Description of the task: Whatever precedes the line containing "ALBUM STICKERS EURO" is not copied; that line and every line after it through the final one below are copied exactly, except pictures.

Excerpted records:
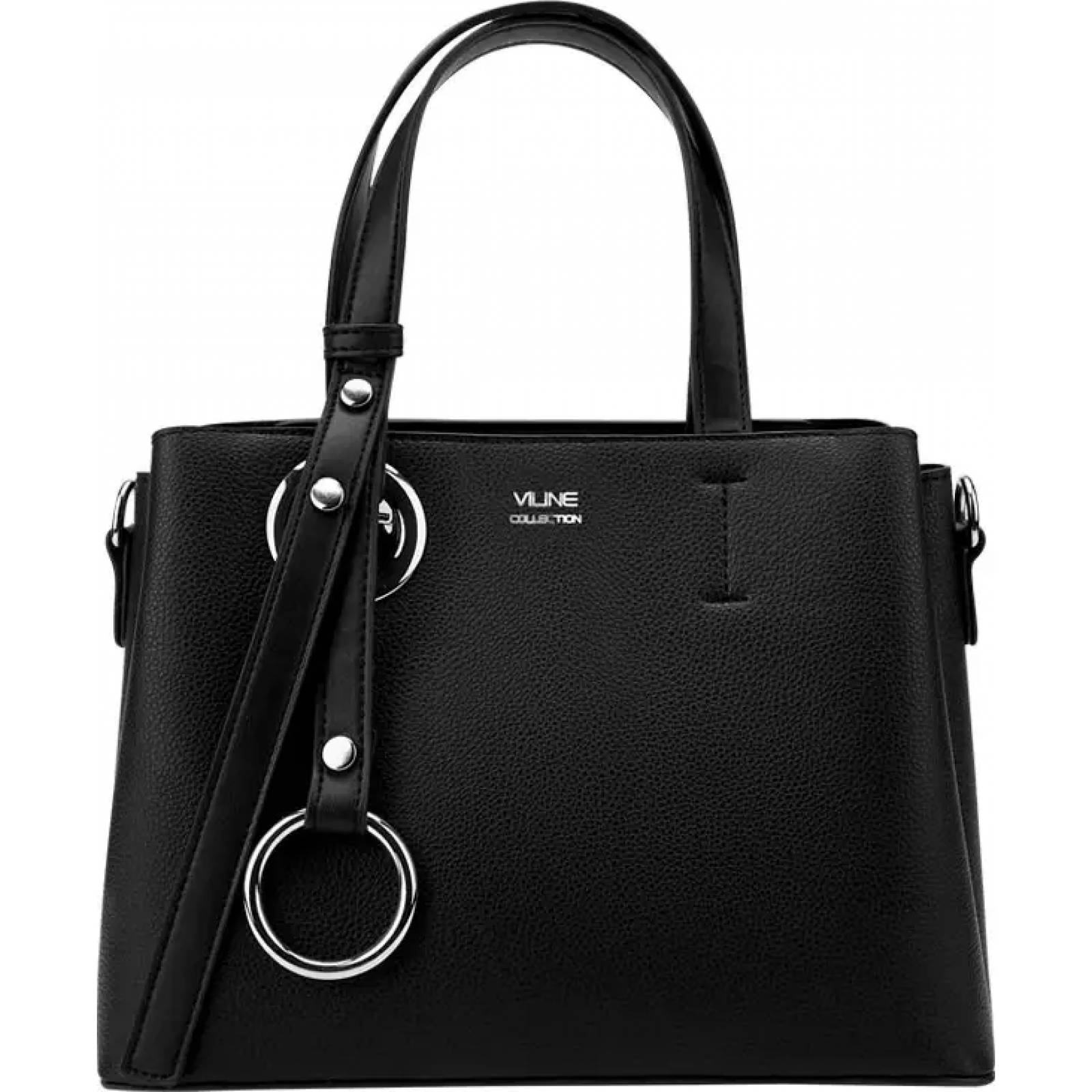 Bolsa accesorio dama negro Vi Line modelo BS70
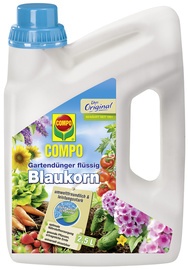 COMPO Gartendünger Blaukorn flüssig, 2,5 Liter Kanister
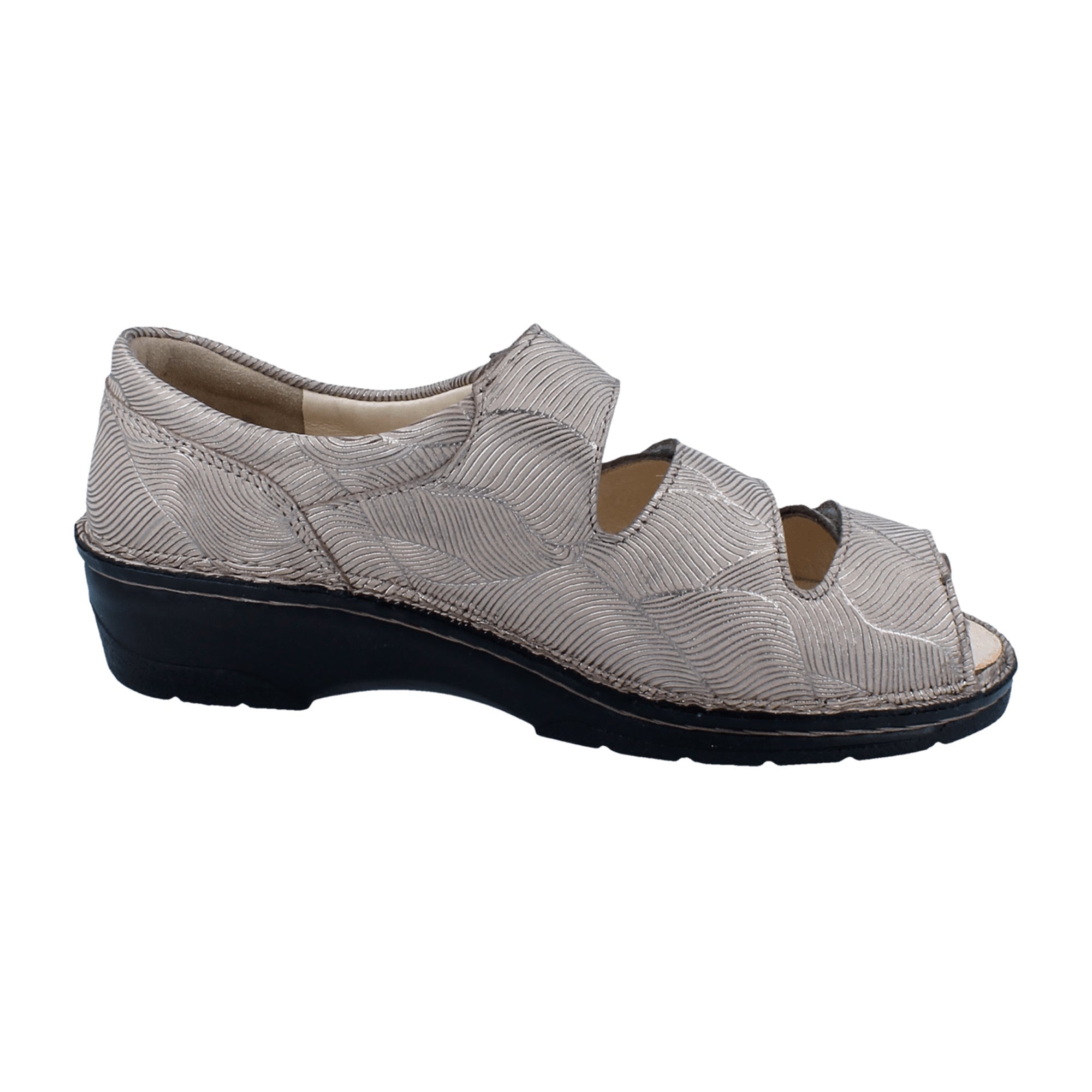 Finn Comfort Ischia Women's Comfort Sandals - Stylish Grey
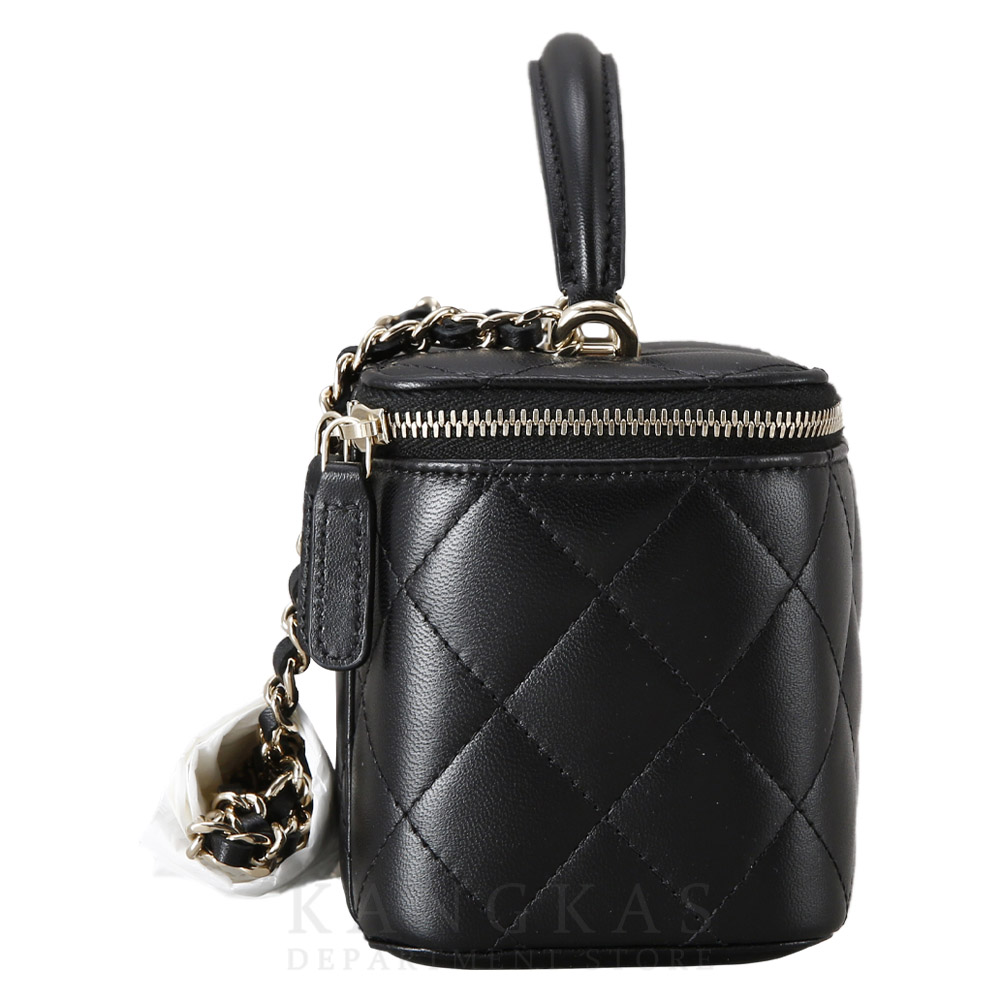 CHANEL(USED)샤넬 베니티 탑핸들 @@@@@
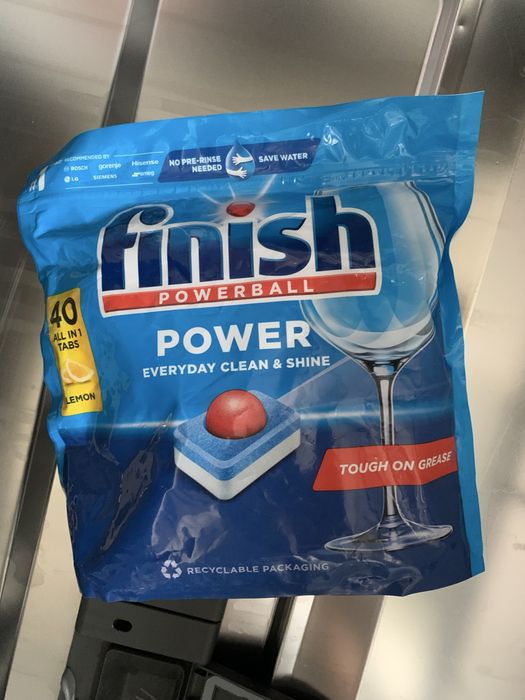 Tabletki do zmywarki finish 40 szt.
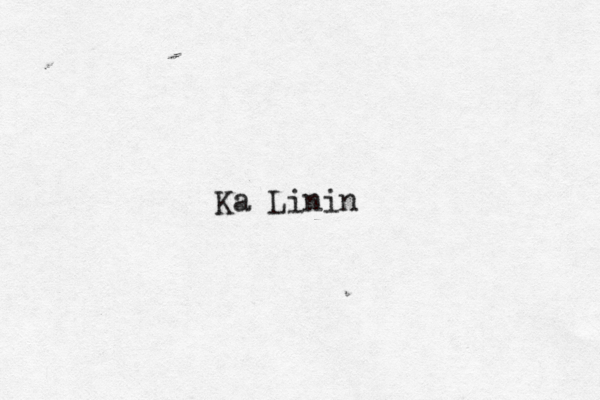 Ka Linin 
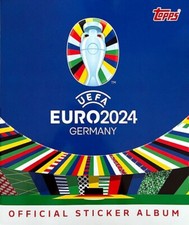 ALBUM STICKERS EURO 2024 GERMANY -  EDITION TOPPS - EMPTY VIDE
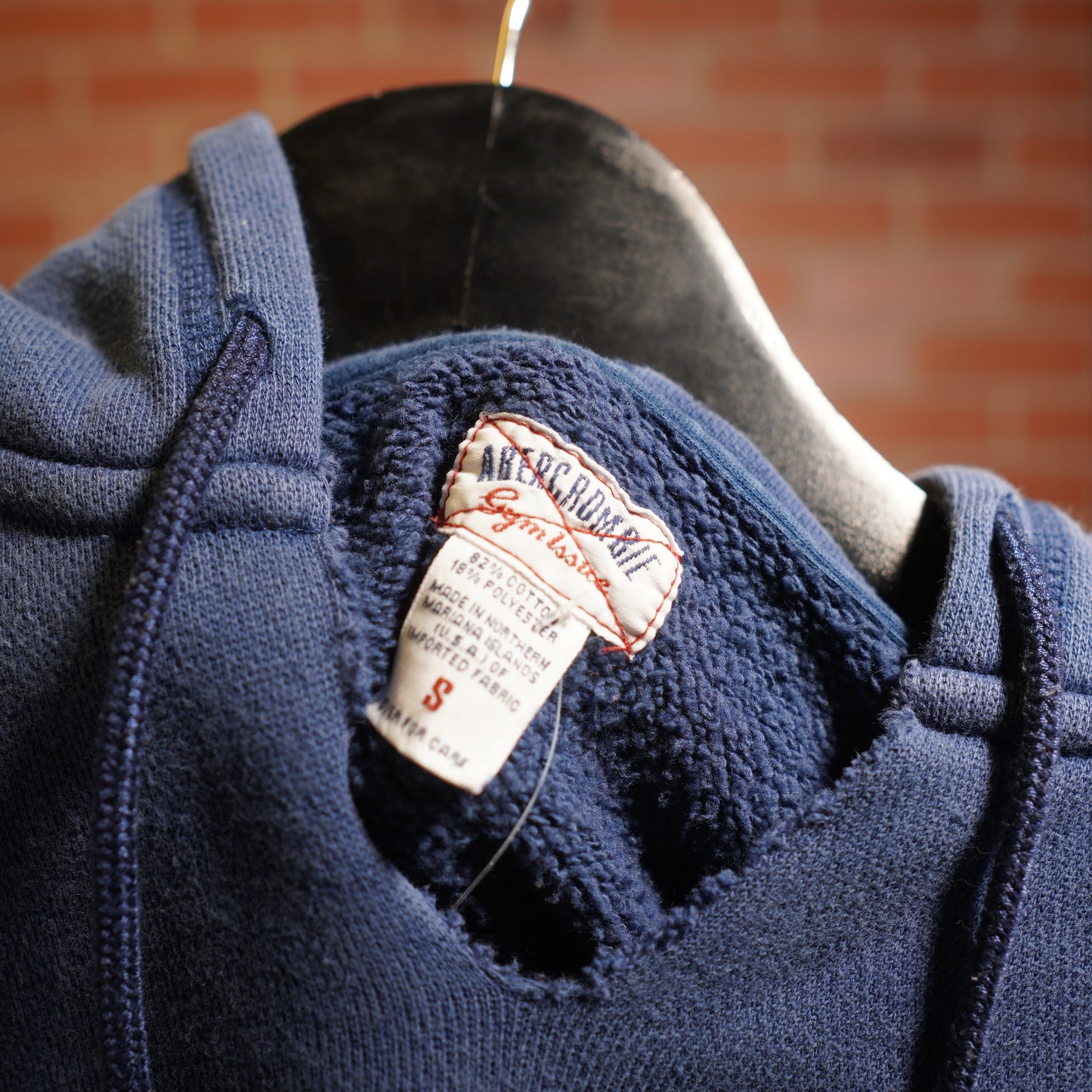 VTG Y2K Abercrombie Gye Issue Cut Hoodie
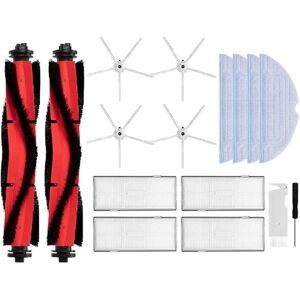 Tlily - hepa Filter Main/Side Brush Mops Cloths for Xiaomi Roborock S7/S70/S7Max/S7 MaxV Ultra/T7S Plus Kit Vacuum Cleaner,B Tlily - hepa Filter Main/Side Brush Mops Cloths for Xiaomi Roborock S7/S70/S7Max/S7 MaxV Ultra/T7S Plus Kit Vacuum Cleaner,B
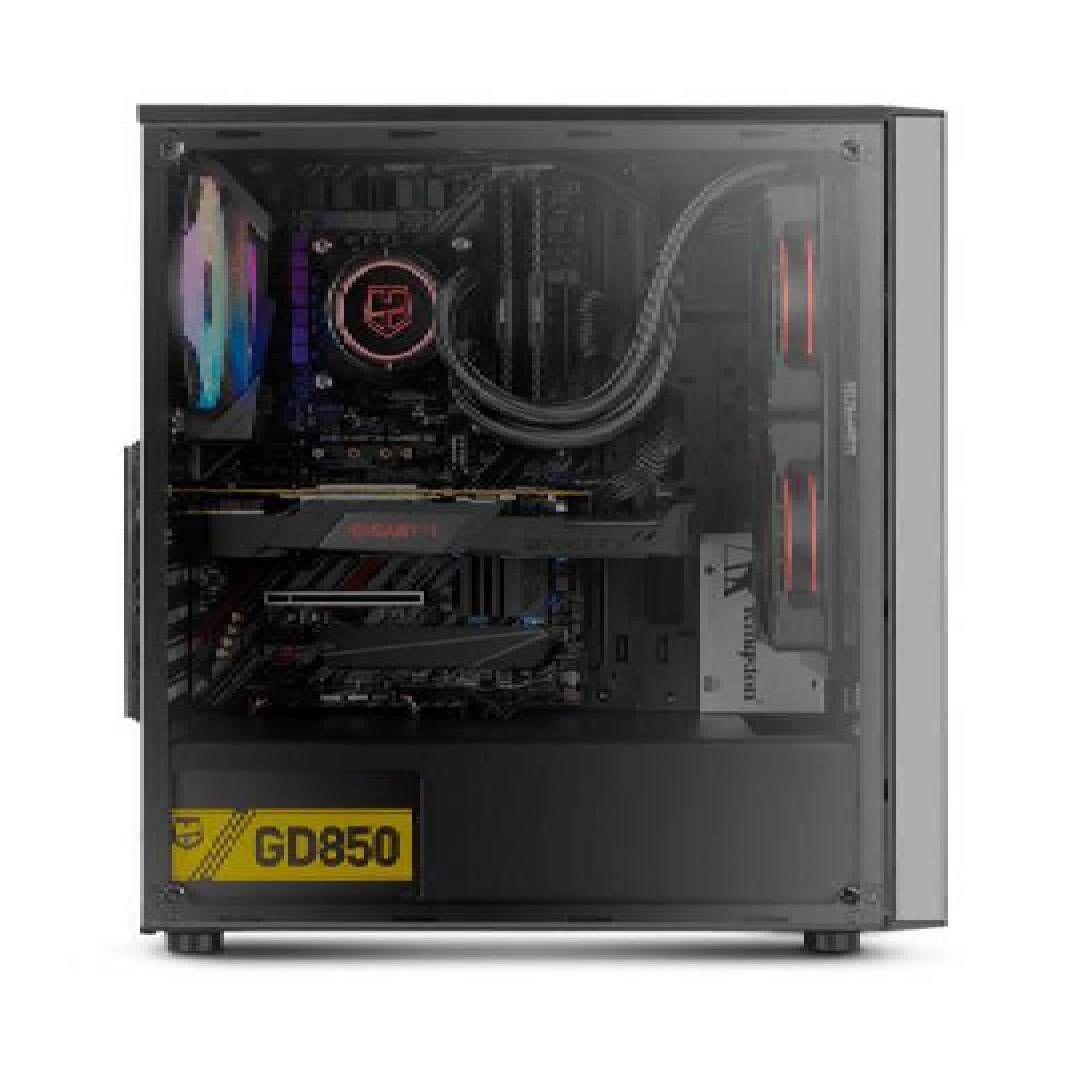 Gabinete Argb Nox Infinity Omega Panel Acrilico + Fan-2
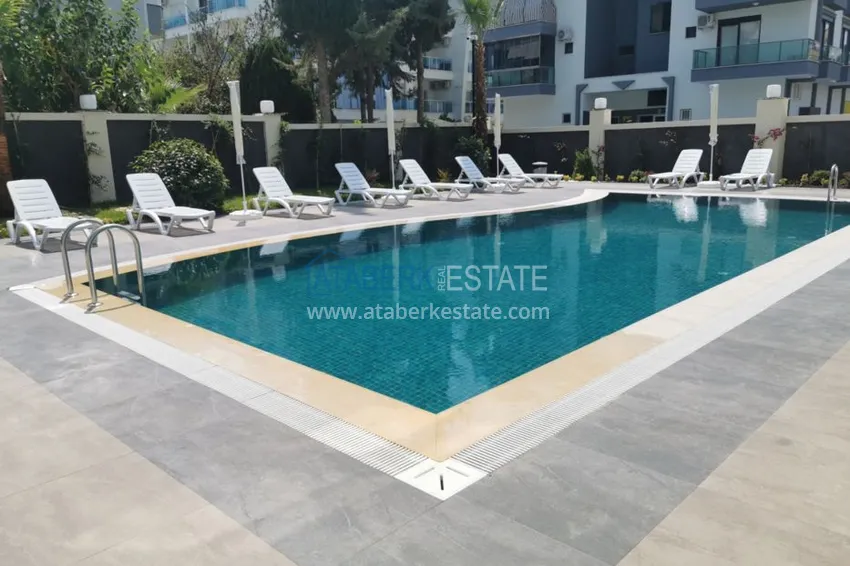 Квартира в Авсалларе с чистовой отделкой в новом комплексе 9 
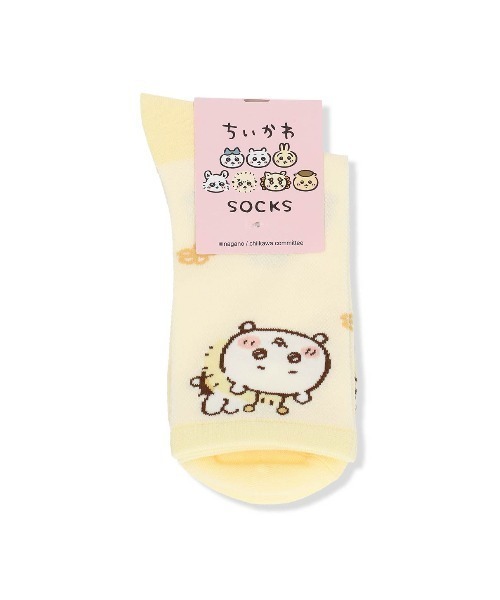 ちいかわ メッシュソックス 03197010-012（ソックス/靴下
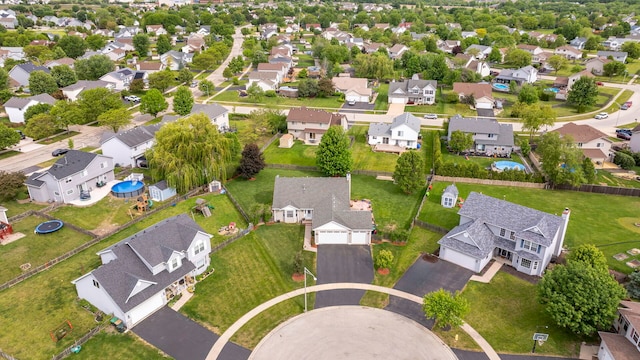 26138 Oak Ridge Ct, Channahon, IL 60410 - aerial perspective of suburban area
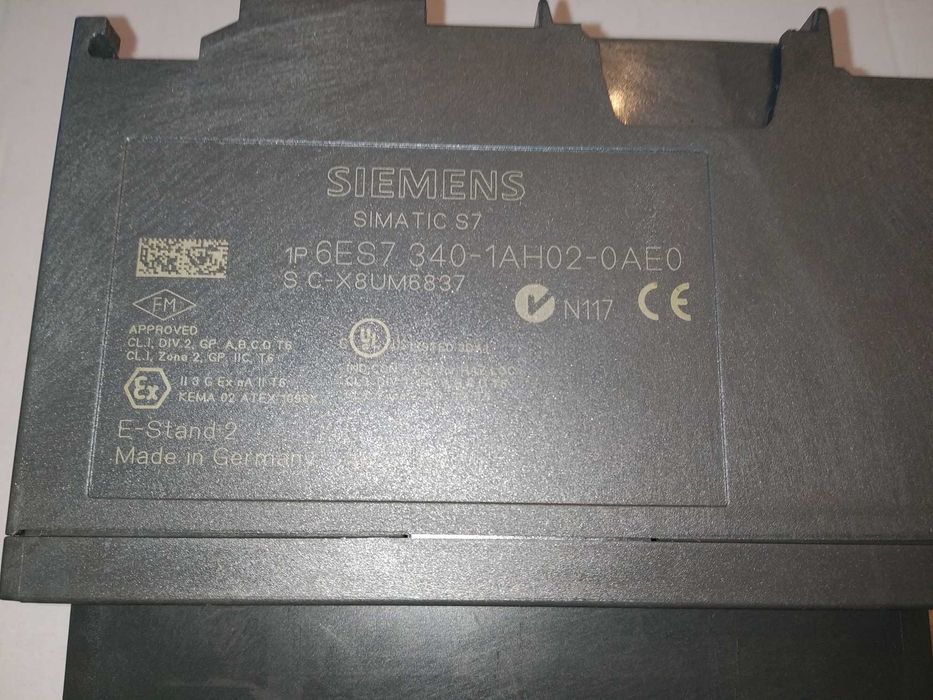 Sterownik PLC Siemens S7 300 CPU314 MPI + GRATIS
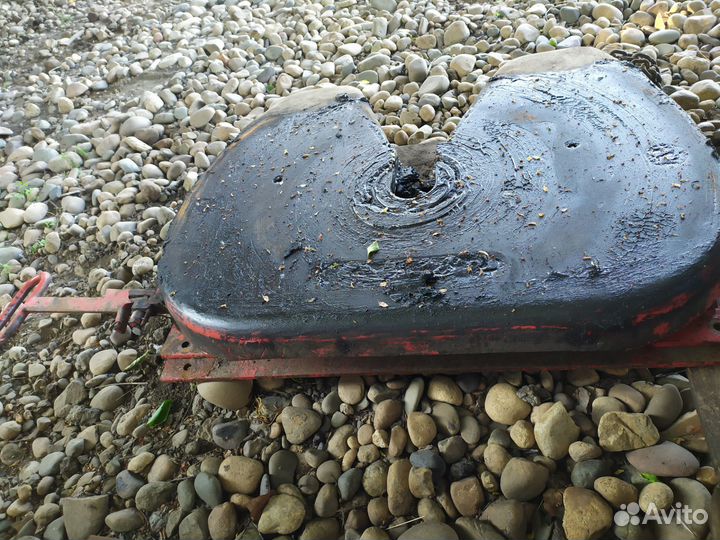 Седло на тягач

Written answer:
 ALBUM STICKERS EURO 2024 GERMANY -  EDITION TOPPS - EMPTY VIDE
 VTG Y2K Abercrombie Gye Issue Cut Hoodie
 Tlily - hepa Filter Main/Side Brush Mops Cloths for Xiaomi Roborock S7/S70/S7Max/S7 MaxV Ultra/T7S Plus Kit Vacuum Cleaner,B Tlily - hepa Filter Main/Side Brush Mops Cloths for Xiaomi Roborock S7/S70/S7Max/S7 MaxV Ultra/T7S Plus Kit Vacuum Cleaner,B
 Gabinete Argb Nox Infinity Omega Panel Acrilico + Fan-2
 Квартира в Авсалларе с чистовой отделкой в новом комплексе 9 
 ちいかわ メッシュソックス 03197010-012（ソックス/靴下
 26138 Oak Ridge Ct, Channahon, IL 60410 - aerial perspective of suburban area
 Sterownik PLC Siemens S7 300 CPU314 MPI + GRATIS
 Седло на тягач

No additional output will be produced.